• GIVEN DATA:
-- Opening Marker --
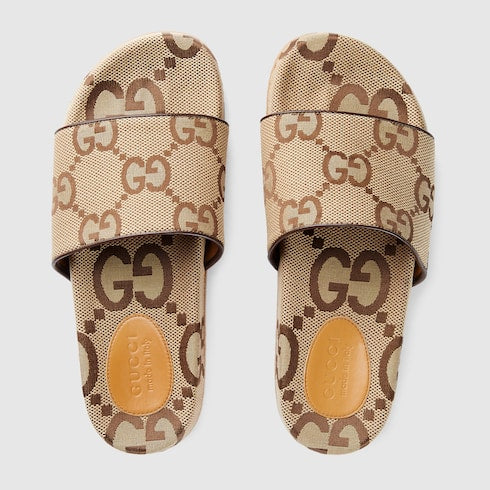 Gucci Maxi GG Canvas Slide Sandals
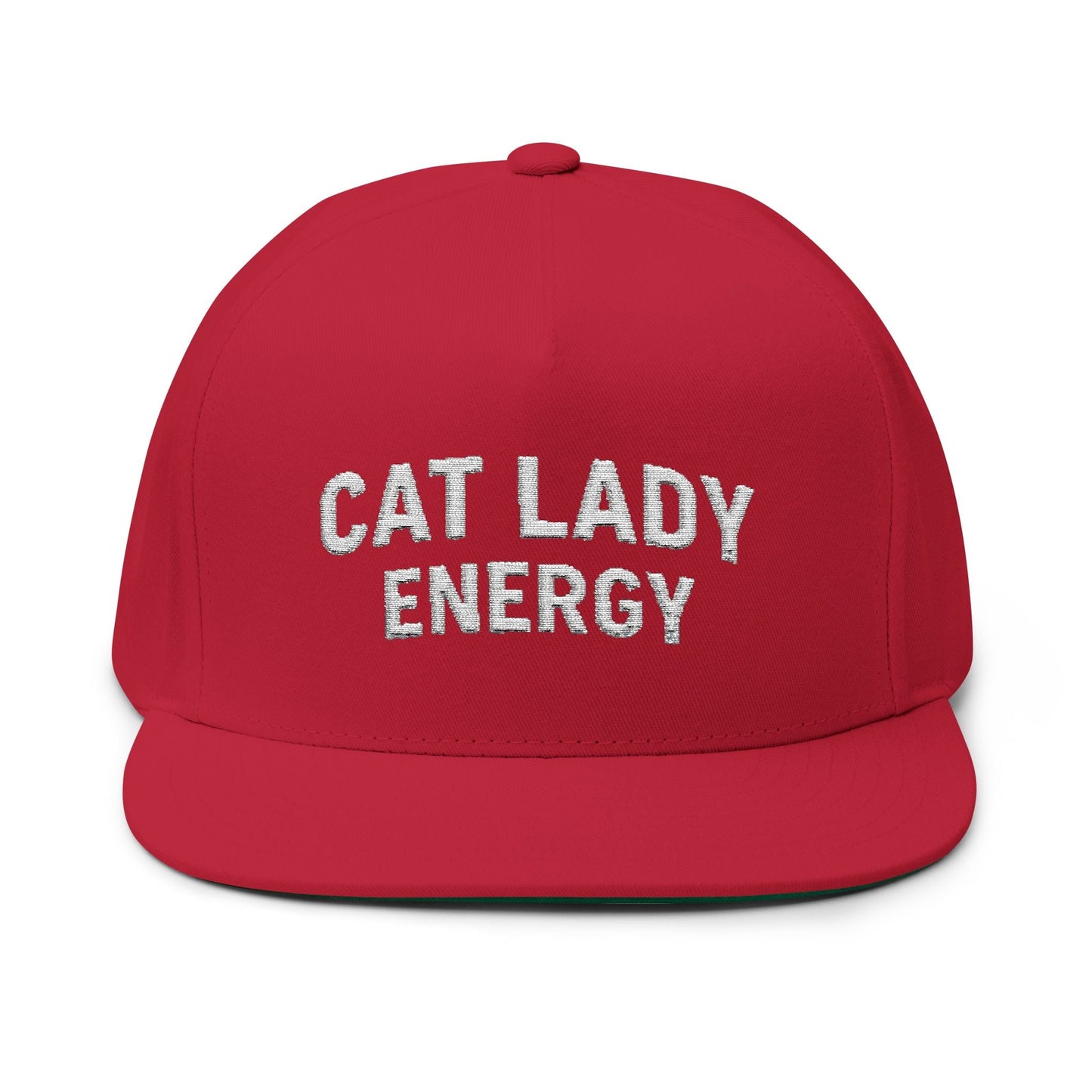 Cat Lady Energy Flat Bill Cap – Embroidered Snapback Hat - FloofChonk
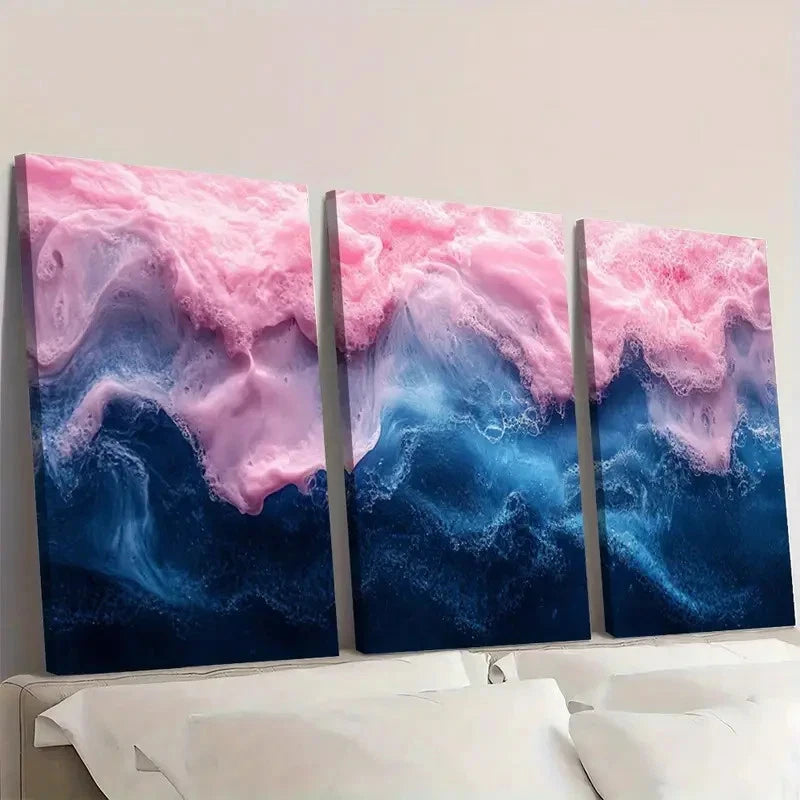 3pcs Pink and Blue Water Home Decor VN   Wall Art Set Canvas Framed 60x90cm - High Quality Print 100% Australian Made Wall Canvas Ready to Hang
-- Closing Marker --
• YOUR OBJECTIVE: Exclude the pictures. Write out the remaining data exactly.

• REPLY:
 Gucci Maxi GG Canvas Slide Sandals
 Cat Lady Energy Flat Bill Cap – Embroidered Snapback Hat - FloofChonk
 3pcs Pink and Blue Water Home Decor VN   Wall Art Set Canvas Framed 60x90cm - High Quality Print 100% Australian Made Wall Canvas Ready to Hang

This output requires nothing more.